Zika virus plaguing South America, strongly suspected of causing malformations in babies born to infected mothers can also trigger a serious neurological disorder, Guillain-Barre syndrome, according to researchers.
This is “the first demonstration of a link between Zika and Guillain-Barre syndrome,” said Professor Arnaud Fontanet, head of the Epidemiology Unit of emerging diseases at the Pasteur Institute in Paris who coordinated the study published Tuesday in the medical journal the Lancet.
The study was conducted from data collected in French Polynesia, where Zika outbreak between October 2013 and April 2014, affected two-thirds of the population.
The disease causes, in 20 to 30% of respiratory failure and, in rich countries, about 5% of deaths. This rare neurological syndrome is observed following other viral infections (influenza, dengue, West Nile virus …) but also to a significant extent, a result of a bacterial infection (Campylobacter).

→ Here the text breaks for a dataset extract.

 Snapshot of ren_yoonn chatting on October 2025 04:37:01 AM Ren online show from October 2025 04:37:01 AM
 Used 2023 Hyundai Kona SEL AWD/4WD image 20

With over 1.5 million cases in Brazil, and several thousand elsewhere, which already more than 40,000 cases in Colombia , researchers warn about the risks of the outdated intensive care capacity, particularly outside urban cities .

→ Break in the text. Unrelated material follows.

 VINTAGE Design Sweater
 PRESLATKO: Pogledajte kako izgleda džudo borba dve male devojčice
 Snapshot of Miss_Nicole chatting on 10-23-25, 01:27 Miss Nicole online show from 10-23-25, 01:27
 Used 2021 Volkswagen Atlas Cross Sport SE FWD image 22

“In areas that will be affected by the outbreak of Zika virus, think, when possible, to build capacity in intensive care because we know that a number of patients will develop a GBS among them, 30% are in need, especially for respiratory assistance, “told AFP Dr. Fontanet.
However in most cases the infection Zika virus, against which there is no vaccine or curative treatment, is benign, said epidemiologist.

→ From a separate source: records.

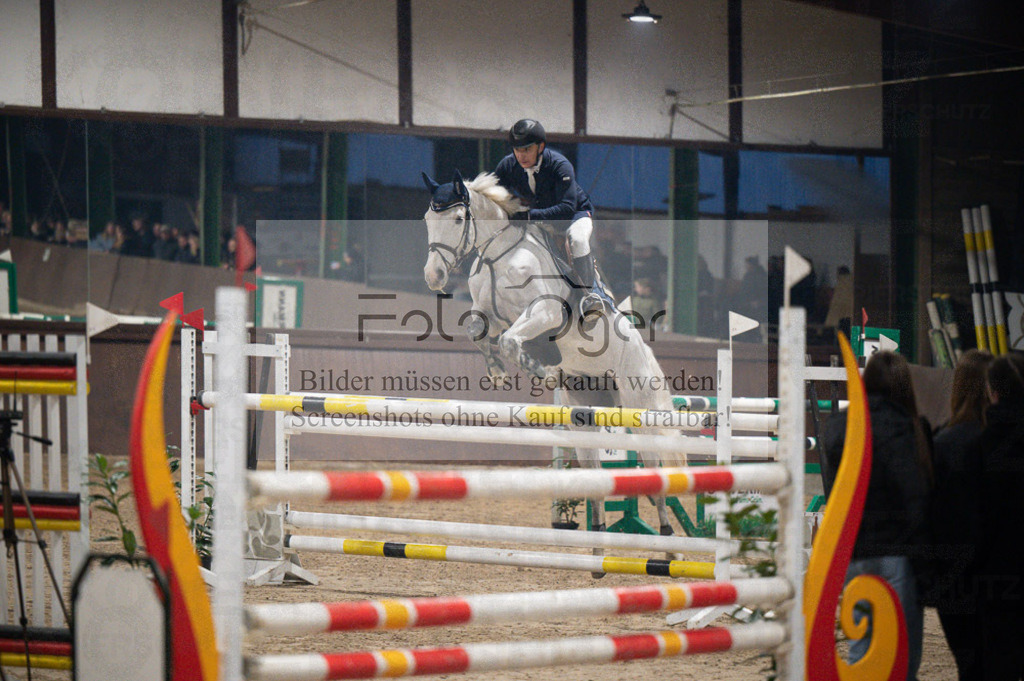 Hallenreittunier Voxtrup 2023 | Entdecke hochwertige Reitturnierfotos von Foto Oger. Professionell, emotional und authentisch – jetzt Lieblingsmomente im Shop bestellen.Deutschlandweite Turnierfotografie. - Realisiert mit Pictrs.com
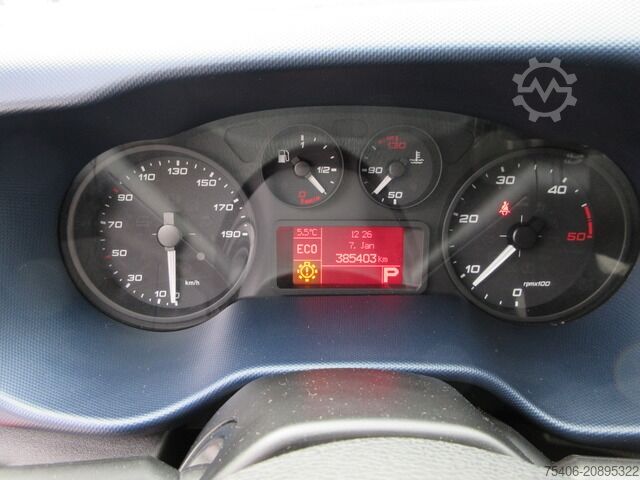 Transporter mit Koffer iveco Daily 35-160 Hi-Matic Koffer LBW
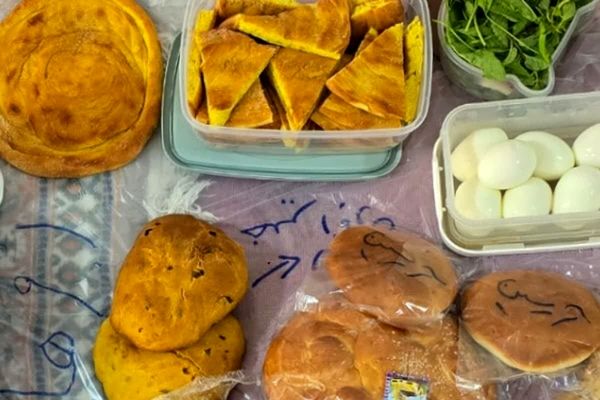 نان های محلی در برنامه غذایی صبحانه سالم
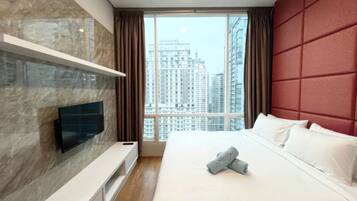 Superior Apartment, 3 Bedrooms, Kitchen, City View | Meja, ruang kerja komputer riba, seterika/papan seterika, Wi-fi percuma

Guillain-Barré syndrome (GBS), which could result in both limb paralysis and respiratory disease, was diagnosed in 42 patients, 16 of which are spent in intensive care for respiratory support. None died.
“The risk of developing Guillain-Barré syndrome has been estimated at 2.4 per 10,000 infections Zika virus,” said Dr. Fontanet.
– ‘Three evidences’ –
Researchers believe they have ruled out a role of dengue in the occurrence of these neurological damage.
They also note that a dengue infection in the past does not increase the risk of GBS among patients infected with Zika. A fear that has been expressed for the regions affected by the Zika are often as dengue.
For Professor Fontanet, the links are as strong as when we say that “smoking causes lung cancer,” even though the study does not explain the mechanism by which the virus causes the neurological syndrome.
The affirmation is based on three evidences, he said, citing the increase in cases of the syndrome during the Polynesian epidemic – their number has multiplied by twenty compared to the usual rate – and signs suggestive of infection one week Zika before the onset of neurological signs.
And, he adds, because “they found the recent presence of Zika in 100% of patients with Guillain-Barré” with blood tests looking for antibodies and “that in 93% of these patients, these antibodies were newly emerging. ”
The study was hailed by some experts. “This study provides the most compelling evidence to date of a causal link between infection with the virus Zika and neurological syndrome Guillain-Barré” said Jeremy Farrar, director of the Wellcome Trust in Britain.
“The scale of the crisis unfolding in Latin America took us all by surprise, and we must be prepared to face other unexpected complications … in the coming weeks and months,” Has -he says.
Others are more circumspect, saying that the results are not conclusive and can not be applied directly to other affected areas. “It will take a lot of work before the same conclusions can be extended to Zika epidemic in South America,” according to Peter Barlow, spokesman for the British Society for Immunology.